Jackie Kay – The Red Dust Road. Jackie Kay is the current Makar – Scottish National Poet but I also love her novel – which is a memoir of being brought up as black child, adopted into a white family in the Scottish highlands – and the journey of her searching her blood parents. It is hilarious and challenging and truthful and Jackie is one of the nicest people I’ve ever met in my life.

Last week I watched Hidden Figures with my daughter. I’d recommend that movie too.

So those are my current reads and one film.

Next, this is a poem I wrote about things I, my white family, white friends and other white people have said around me and still constantly argue against.

I guess it is a plea for white people to stop answering conversations about racism with ‘surely not’ – as in, surely not here / surely not in the UK, surely not now, surely not in our school / village / town / neighbourhood. I hear this a lot.

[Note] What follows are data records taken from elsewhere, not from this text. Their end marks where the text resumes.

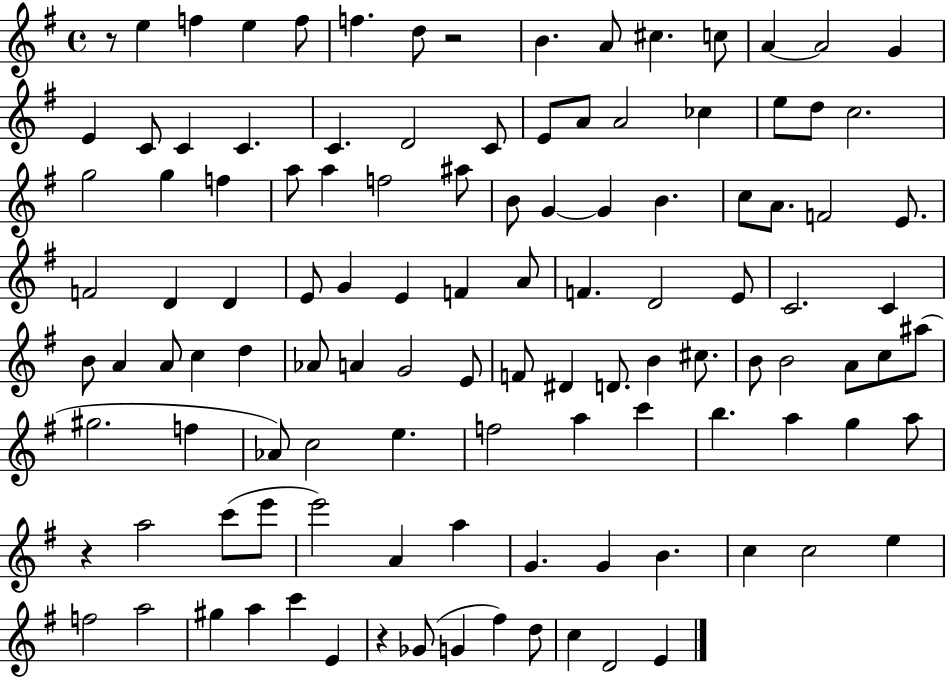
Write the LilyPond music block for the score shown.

{
  \clef treble
  \time 4/4
  \defaultTimeSignature
  \key g \major
  r8 e''4 f''4 e''4 f''8 | f''4. d''8 r2 | b'4. a'8 cis''4. c''8 | a'4~~ a'2 g'4 | \break e'4 c'8 c'4 c'4. | c'4. d'2 c'8 | e'8 a'8 a'2 ces''4 | e''8 d''8 c''2. | \break g''2 g''4 f''4 | a''8 a''4 f''2 ais''8 | b'8 g'4~~ g'4 b'4. | c''8 a'8. f'2 e'8. | \break f'2 d'4 d'4 | e'8 g'4 e'4 f'4 a'8 | f'4. d'2 e'8 | c'2. c'4 | \break b'8 a'4 a'8 c''4 d''4 | aes'8 a'4 g'2 e'8 | f'8 dis'4 d'8. b'4 cis''8. | b'8 b'2 a'8 c''8 ais''8( | \break gis''2. f''4 | aes'8) c''2 e''4. | f''2 a''4 c'''4 | b''4. a''4 g''4 a''8 | \break r4 a''2 c'''8( e'''8 | e'''2) a'4 a''4 | g'4. g'4 b'4. | c''4 c''2 e''4 | \break f''2 a''2 | gis''4 a''4 c'''4 e'4 | r4 ges'8( g'4 fis''4) d''8 | c''4 d'2 e'4 | \break \bar "|."
}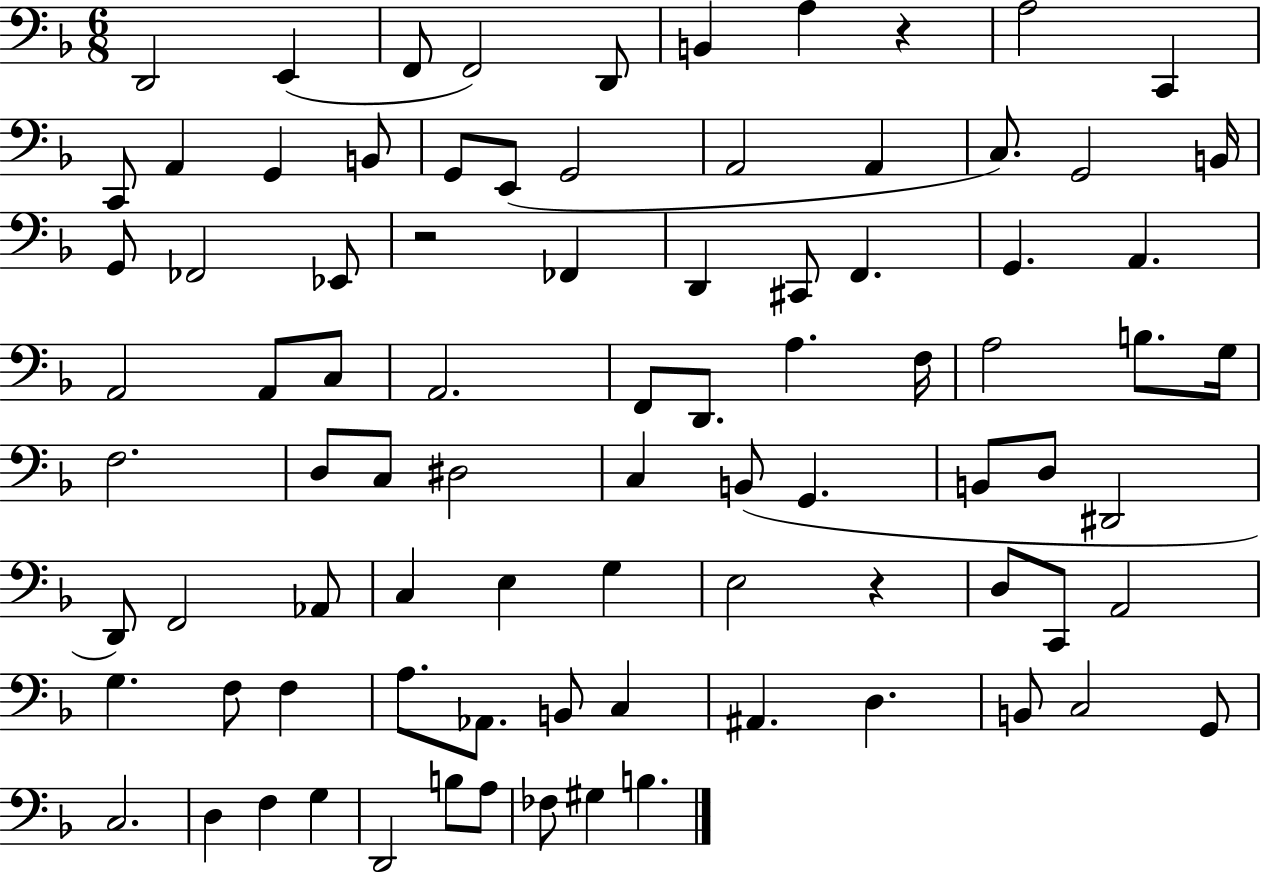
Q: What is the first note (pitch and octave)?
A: D2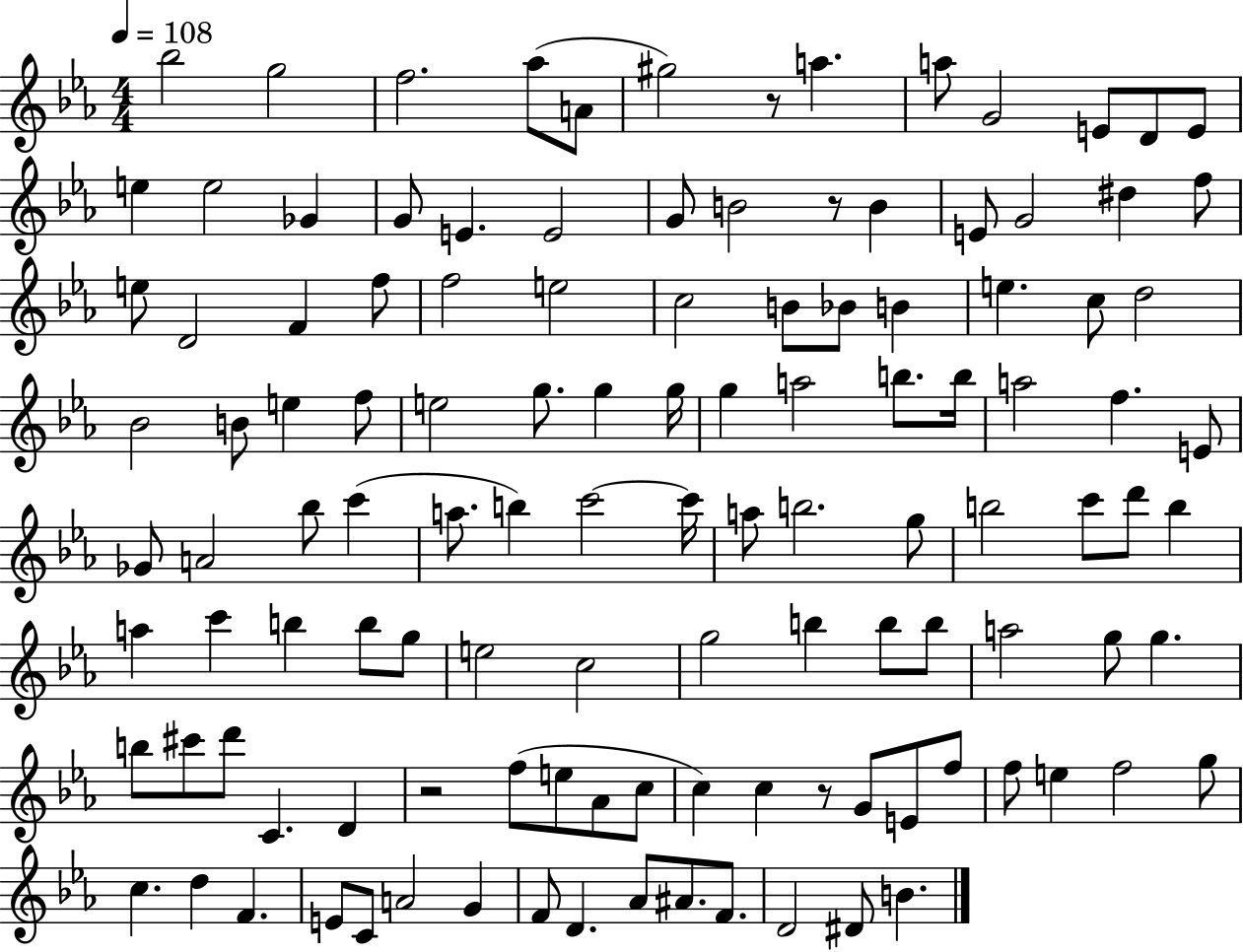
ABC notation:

X:1
T:Untitled
M:4/4
L:1/4
K:Eb
_b2 g2 f2 _a/2 A/2 ^g2 z/2 a a/2 G2 E/2 D/2 E/2 e e2 _G G/2 E E2 G/2 B2 z/2 B E/2 G2 ^d f/2 e/2 D2 F f/2 f2 e2 c2 B/2 _B/2 B e c/2 d2 _B2 B/2 e f/2 e2 g/2 g g/4 g a2 b/2 b/4 a2 f E/2 _G/2 A2 _b/2 c' a/2 b c'2 c'/4 a/2 b2 g/2 b2 c'/2 d'/2 b a c' b b/2 g/2 e2 c2 g2 b b/2 b/2 a2 g/2 g b/2 ^c'/2 d'/2 C D z2 f/2 e/2 _A/2 c/2 c c z/2 G/2 E/2 f/2 f/2 e f2 g/2 c d F E/2 C/2 A2 G F/2 D _A/2 ^A/2 F/2 D2 ^D/2 B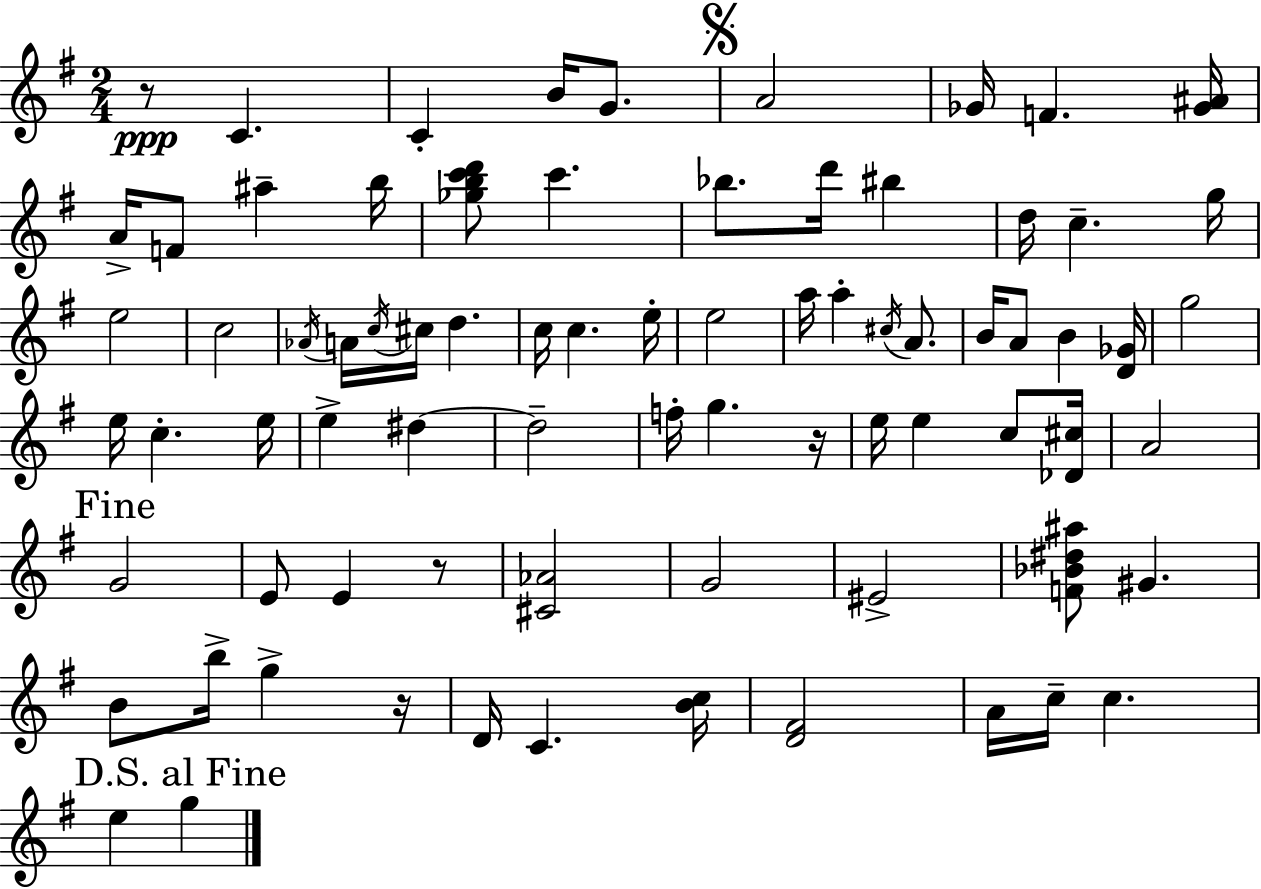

My daughter’s school has no racism, I’ve been told. Surely that boy who got beaten up outside the village shop wasn’t beaten up because he was black? Surely the teacher didn’t actually separate the kids based on ‘white’ and ‘not white’ skin colour in nursery and then get them all to sing the song ‘some people are black, some people are white’ when they were only four years old? Surely the police didn’t handcuff him for no reason at all? Surely not here? Surely not now?

I wrote this poem last year after watching my kid opening birthday cards with only white children on the front of them and after having a ‘school run’ argument about the fact that there is apparently no difference any more for the childre’s experience of growing up based on their skin colour. Not here. Not in the UK. Not now. Not in this school.

I’m not saying that if your kid goes to a birthday party that you have to match the skin colour of any cartoon on the card you buy to that of the kid that receives it. I’m just saying little things add up. And big things happen. And I think we need to think about both a lot more.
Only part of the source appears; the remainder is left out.